A February 2010 blog, “Professional Designations and Abbreviations, Acronyms and Initials” discussed the summary judgment and permanent injunction obtained by the College of Traditional Chinese Medicine Practitioners and Acupuncturists of British Columbia (“the College”) against the Council of Natural Medicine College of Canada (“the Council”) pursuant to which certain trademarks which the Council had registered, such D.C.T.M (DOCTOR OF TRADITIONAL CHINESE MEDICINE) and REGISTERED D.P.C.M, were expunged on the basis that the marks were clearly descriptive or deceptively misdescriptive (contrary to s.12(1)(b) of the Trade-Marks Act) and recognised in Canada as designating the services of doctors of Traditional Chinese Medicine and acupuncturists (and therefore contrary to s.10).  The Council was also enjoined from registering similar trademarks.  The Council appealed this decision, but subsequently discontinued the appeal.
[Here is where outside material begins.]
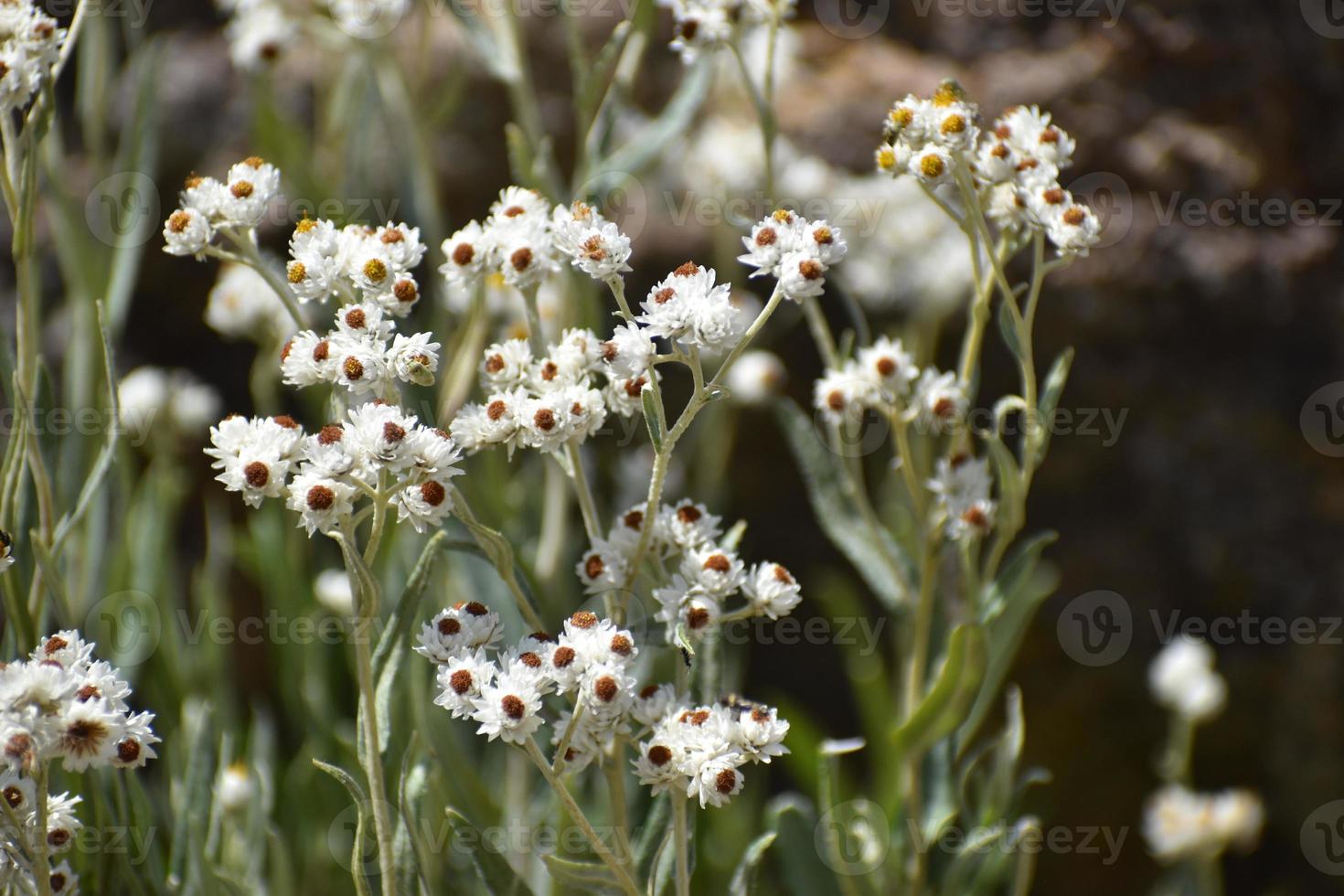 White Wildflowers In Yellowstone National Park photo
The Council did, however, bring an application for judicial review asking the Federal Court to set aside the notice given by the Registrar of Trade-marks of the adoption and use by the College of various official marks, including D.C.T.M (DOCTOR OF TRADITIONAL CHINESE MEDICINE) and REGISTERED D.P.C.M.  Section 9(1)(n)iii) grants protection to “any public authority” in Canada that adopts and uses a mark and in respect of which the Registrar of Trade-marks has given notice.  In Council of Natural Medicine College of Canada v. College of Traditional Chinese Medicine Practitioners and Acupuncturists of British Columbia the Federal Court concluded that the official marks were valid and that section 9(1)(n)(iii) was constitutional.

As explained in the decision, the Council is a private non-profit company incorporated under federal legislation which created educational programs in traditional Chinese medicine.  The courses were offered by affiliated private schools.  Prior to the earlier Federal Court decision the Council also entered into trademark licence agreements with the graduates of its programs.  The College, however, had been established under the British Columbia Health Professions Act to regulate the practice of traditional Chinese medicine, including the titles that could be used by practitioners. 
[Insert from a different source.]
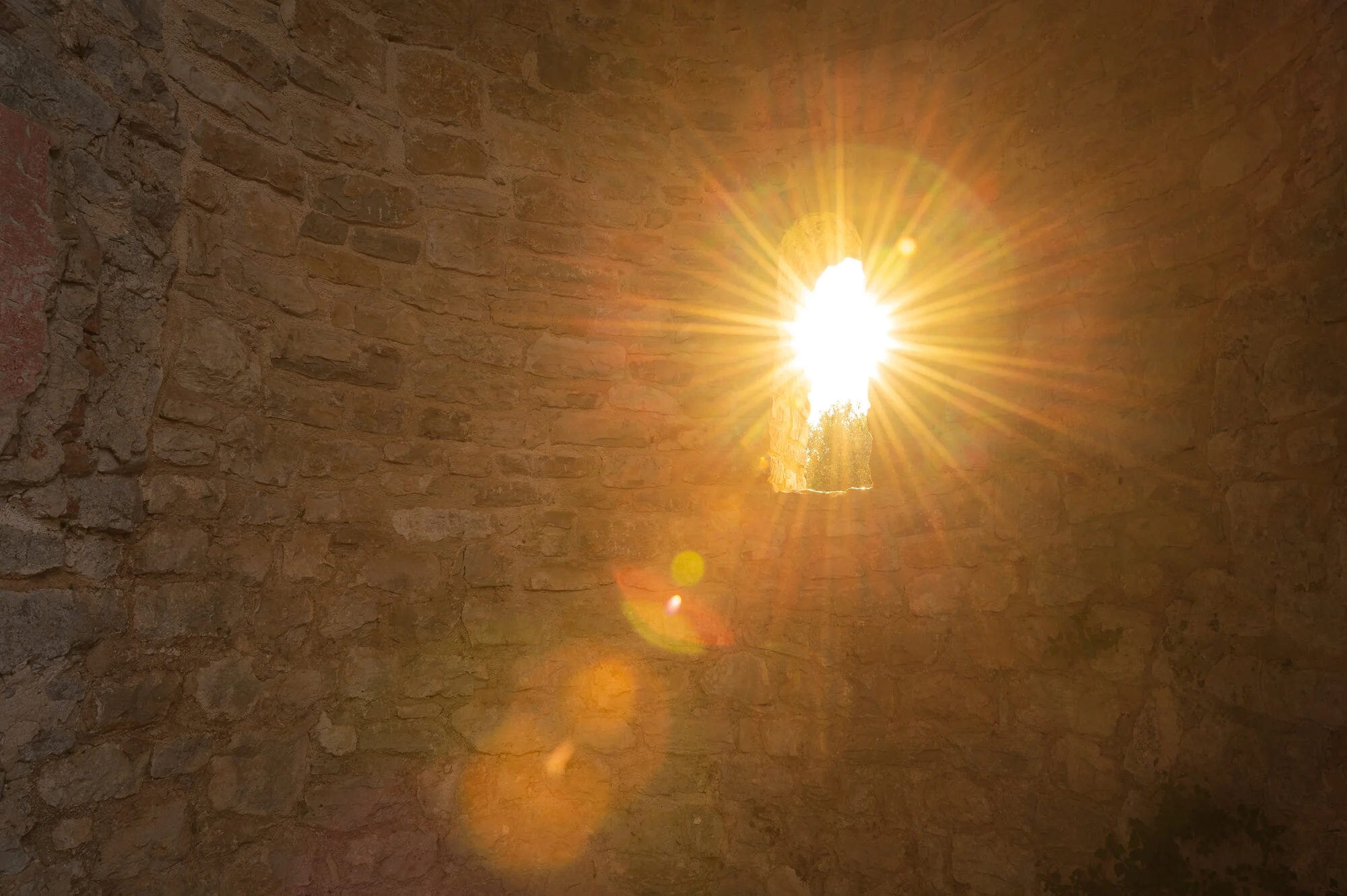 Rovinj 2021-1995-3.jpg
On judicial review, the Council sought to establish that the College was not a public authority, that it had not “adopted” its official marks and that section 9(1)(n)(iii) was contrary to the division of powers scheme in the Constitution, as well as freedom of expression.  As explained by the Court, notice of an official mark means that others are prohibited from adopting, in association with a business, a mark that resembles the official mark and may be mistaken for it.  It is also not necessary for a public authority to demonstrate the distinctiveness of a proposed official mark or any secondary meaning, and there is no requirement that public notice be given of a request to the Registrar.  Following an earlier decision, Ontario Association of Architects v. Association of Architectural Technologists of Ontario the Court concluded that the College was a “public authority” given that the requisite governmental control was evident.  With regards to adoption and use, the court noted that these terms were broad in scope and for purposes of section 9,  a mark is adopted and used if it is displayed in association with services, even if the mark is not distinctive or clearly descriptive.  The marks at issue had been displayed on a publicly accessible website before the date of public notice and whether the College had displayed the marks merely to support its application to the Registrar was not relevant. 
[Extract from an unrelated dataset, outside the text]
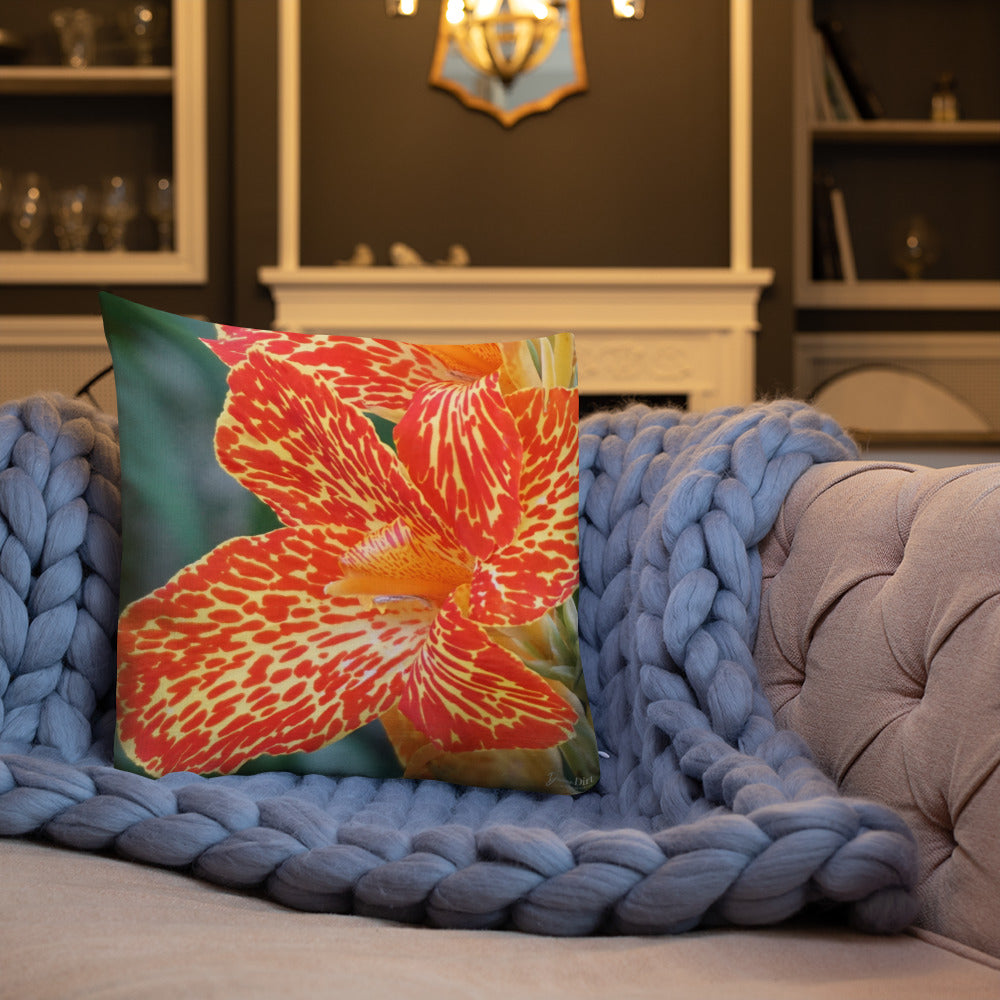 Orange Dwarf Canna 'Picasso' Premium Pillow with White Back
With regards to the constitutional issues, the Court was not prepared to read down the provisions of the Trade-marks Act on the basis that provincial responsibility regarding the regulation of professions is infringed if the federal government is able to provide for the protection of official marks relevant to professions.  The Court was not convinced that provincial powers were in any way infringed and noted that the federal legislation, while it overlapped with provincial jurisdiction, reinforced the provincial powers, since self-governing professions, by obtaining official marks, were able to ensure that professional designations did not become articles of commerce.  Professional titles generally cannot be registered as trademarks, not because regulation of a profession is within provincial jurisdiction, but because they are descriptive or non-distinctive, tests that are not relevant when considering official marks.  With regards to freedom of expression, section 9(1)(n)(iii) infringed section 2(b) of the Charter, but it was justified as a reasonable limit prescribed by law given the College’s need to prevent confusion between government and private services and the need to prevent persons from capitalizing upon or misusing public symbols and marks.

 Thus, the private entity, the Council, was not entitled to trademarks such as D.C.T.M (DOCTOR OF TRADITIONAL CHINESE MEDICINE) and REGISTERED D.P.C.M, but the College is entitled to its official marks, thereby allowing the College greater control over the use of professional designations.